10News has done a lot of reporting over the past year and a half on the rise in prescription drug addiction around the country, and in East Tennessee.
Now, we're taking a closer look at what law enforcement is up against, from the streets to the courts.
Florida is known as one of the starting points for much of the prescription drug trade in the United States.
But, there's part of the "Oxy Express" that has not been reported about much until now. It's fueling sales in Knoxville.
"My confidential informant was buying them for $25 dollars a piece," said Knoxville Police Officer Michael Geddings.
The Knoxville Police Repeat Offender Squad (ROS) said they caught 32-year-old Motez Stringer with more than 1,500 oxycodone pills earlier this year. It estimates the street value to be $38,000. That was not Stringer's first local arrest; Knox County Sheriff's deputies arrested him in 2011 for a similar offense, but he bonded out of jail.

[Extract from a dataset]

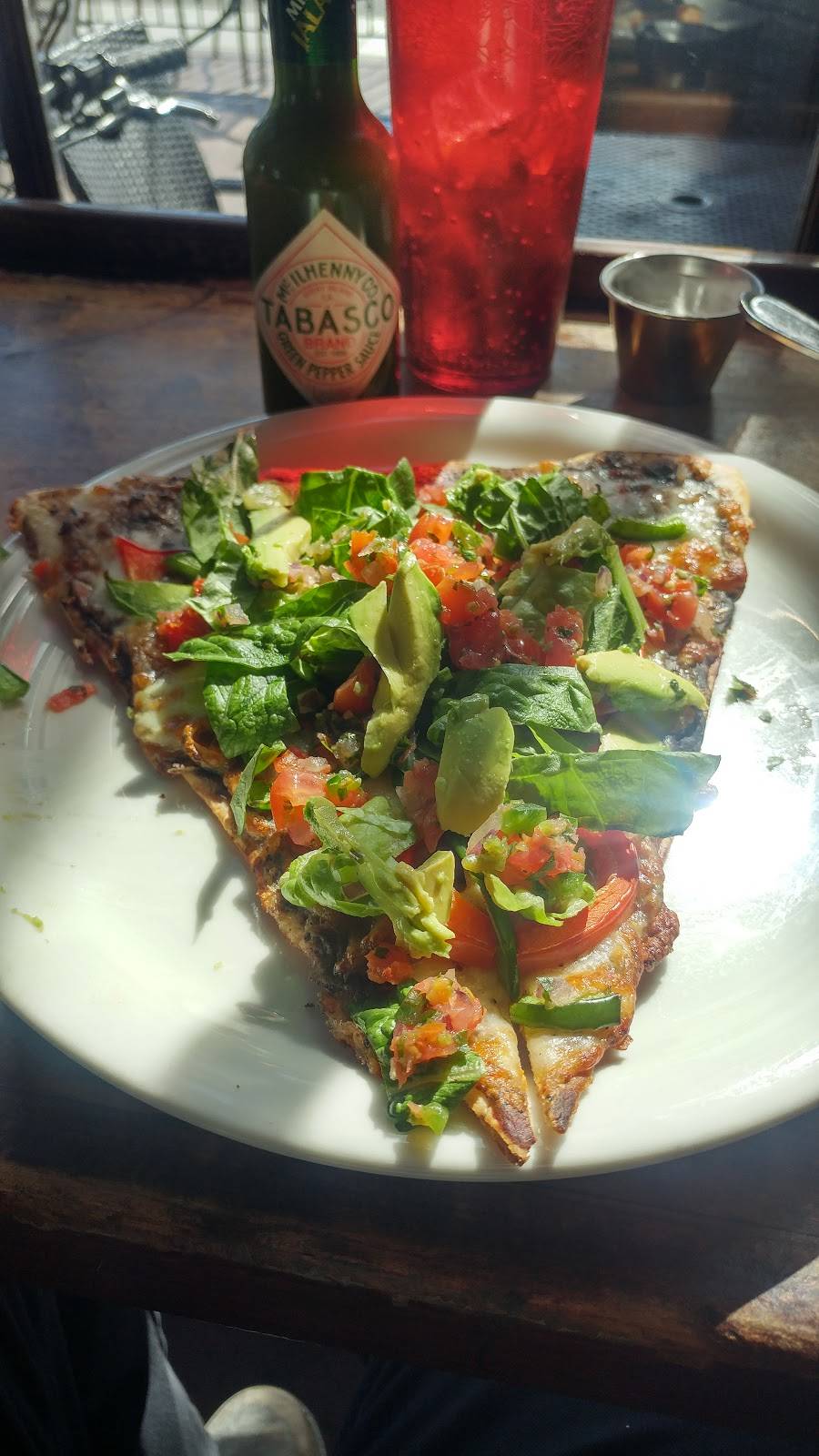 Pizza Guru | restaurant | 3534 State St, Santa Barbara, CA 93105, USA | 8055633250 OR +1 805-563-3250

"He actually has some drug convictions in Michigan and Nevada as well," said Geddings, who works undercover with the ROS on the front lines of the growing pill problem.
Stringer is just one of the alleged repeat oxycodone dealers Officer Geddings has arrested over the past five years.
"I don't believe that unless we can figure out the source of supply and where it's coming from that we're gonna be able to stop it," explained Geddings.
A growing nation-wide demand with a strong connection to Appalachia drives that trend. A recent analysis of Drug Enforcement Agency data by the Associated Press shows Tennessee's per capita oxycodone sales increased by 515 percent from 2000 to 2010. Tennessee's dramatic jump falls only behind Florida, which saw a 565 percent increase, and New York, with per capita sales rising 519 percent.
"I think in Knoxville we're kind of a unique area, not only because of the interstate systems that we have coming through the city, but we're also the half way point," said Geddings.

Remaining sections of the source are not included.